It may also be argued that there is a rebuttable presumption of reliance (if it is necessary to establish reliance) on the existence of an open and efficient market for Multiplex securities.  In the United States this is referred to as the fraud-on-the-market theory.  In Basic Inc v Levinson (1988) 485 US 224 the Supreme Court of the United States held that securities class action plaintiffs are entitled to a presumption of reliance that the market for the securities in question was efficient and that the plaintiffs traded in reliance on the integrity of the market price for those securities. The fraud-on-the market presumption is rebuttable. The defendant bears the burden of establishing that the presumption should not apply. There are usually three ways a defendant can rebut the presumption. They are: (1) that the nondisclosures did not affect the market price; (2) that the plaintiffs would have purchased a stock at the same price had they known the information that was not disclosed; and (3) that the plaintiffs actually knew the information that was not disclosed to the market: Fine v American Solar King Corporation 919 F 2d 290 at 299 (5th cir, 1990).[8]

[7](2007) 242 ALR 111.

[8]Ibid 114 [10]-[11].

  1. It was submitted that the availability of a cause of action based on breach of s 674(2) of the Act therefore, does not depend on the plaintiff or any member of the group having had representations made specifically to them.
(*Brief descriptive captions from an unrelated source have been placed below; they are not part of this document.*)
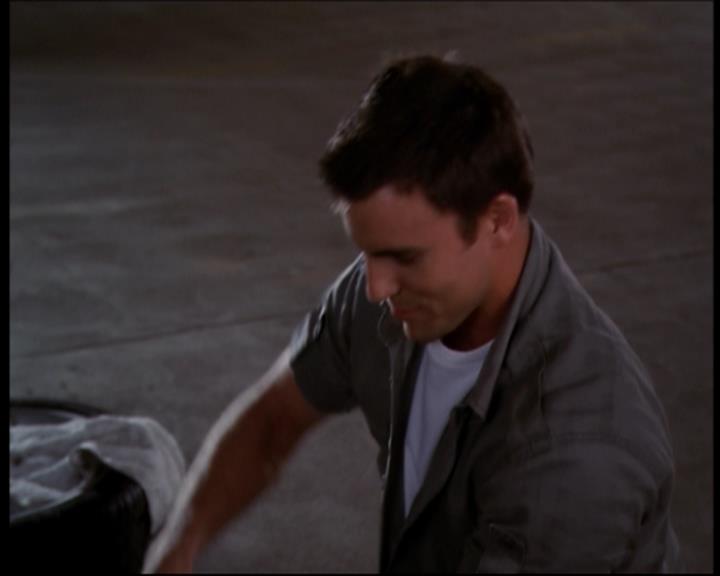 Charmed-Online-dot-721DeathBecomesThem0027.jpg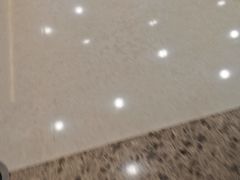 -柳州肥姨妈大骨螺蛳粉(江宁万达店)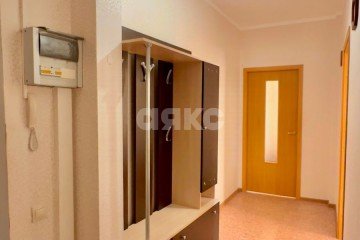 Фото №5: 2-комнатная квартира 59 м² - Анапа, пр-д Солдатских Матерей, 6Гк4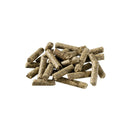 Pavo Basic Plus - Fresh Fellow - 8714765908250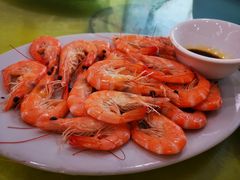 -秋姐美食店(旅游大道店)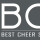Best Cheer Stone & Cabinets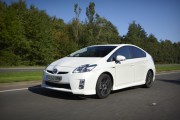 Toyota Prius Generation X 2 180x120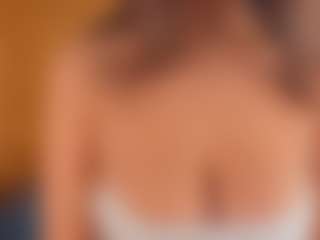 lunacaams's Live Sex Cam Show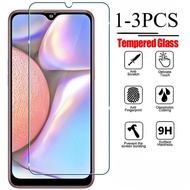 1-3Pcs HD Tempered Glass For ASUS ROG Phone II 9 8 7 6D 6 5S 5 3 2 Pro FE Ultimate Strix ZS600KL ZS6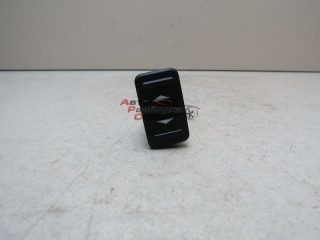 Кнопка стеклоподъемника Ford Galaxy 2006-2015 255974_86056 1428969 Кнопка стеклоподъемника Ford Galaxy 2006-2015 255974_86056 1428969
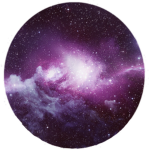 FireStar Galaxy
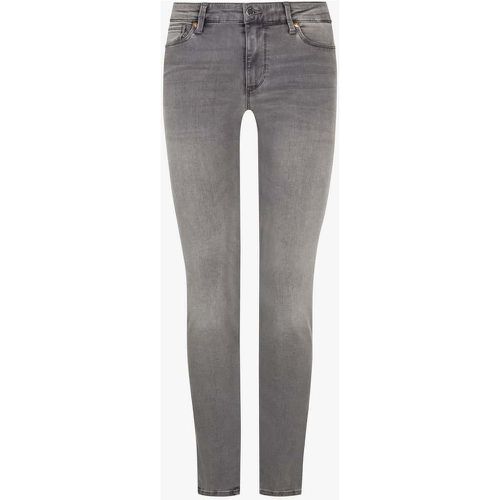 Prima Jeans Cigarette Leg | Damen (25) - ag jeans - Modalova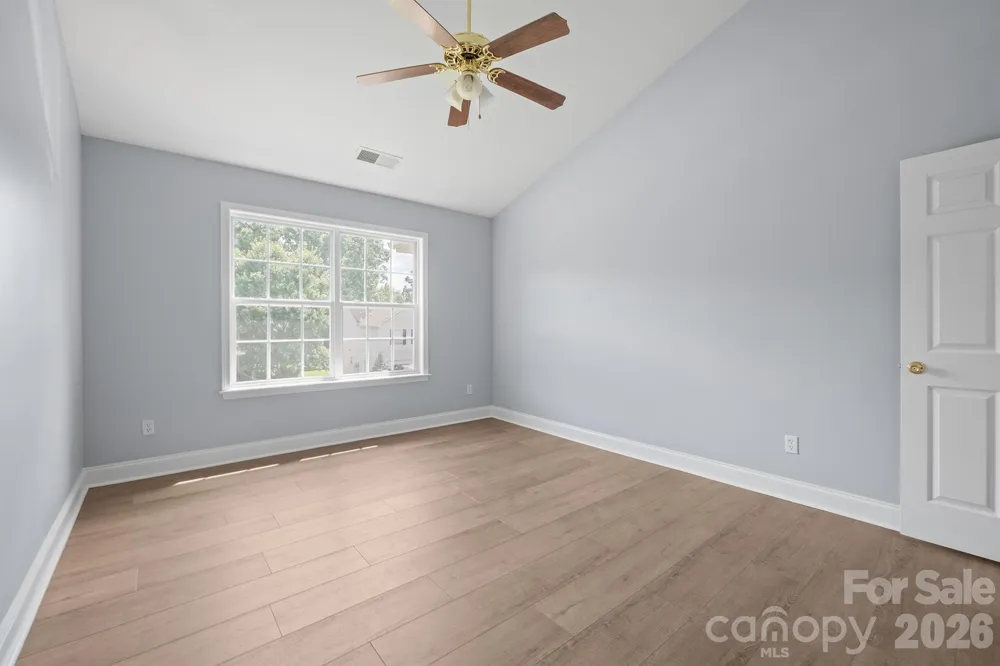 2646 Amber Crest Drive Gastonia, NC 28052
  1. Further, the defendant’s contention that the plaintiff is required to plead reliance upon the defendant’s acts and/or omissions which are alleged to be in breach of s 674(2) of the Act, or alleged to be misleading or deceptive for group members to be entitled to damages, was, it was submitted, wrong at law.

  1. Section 1325(1) of the Act requires only that ’a person who is a party to the proceeding has suffered, or is likely to suffer, loss or damage because of conduct of another person’.

  1. Section 1041I of the Act does not require proof of reliance. Section 1041I(1) simply states:

A person who suffers loss or damage by conduct of another person that was engaged in contravention of section 1041E, 1041F, 1041G or 1041H may recover the amount of the loss or damage by action against that other person or against any person involved in the contravention, whether or not that other person or any person involved in the contravention has been convicted of an offence in respect of the contravention.

  1. The language of s 1041I simply requires that a person ’suffers loss or damage by conduct of another person’. The plaintiff contends that the words ‘by conduct of another person’ are broad and general and mean what they say.  They are not, it was submitted, to be limited by a requirement for proof of ‘reliance’ upon anything, as propounded by the defendant.

  1. It was further submitted that s 1317HA(1) of the Act provides that a court may order compensation where the defendant has contravened a financial services civil penalty provision and ‘the damage resulted from the contravention’. Section 1317HA(2) provides that in determining the damages suffered by a plaintiff, diminution of scheme property is included.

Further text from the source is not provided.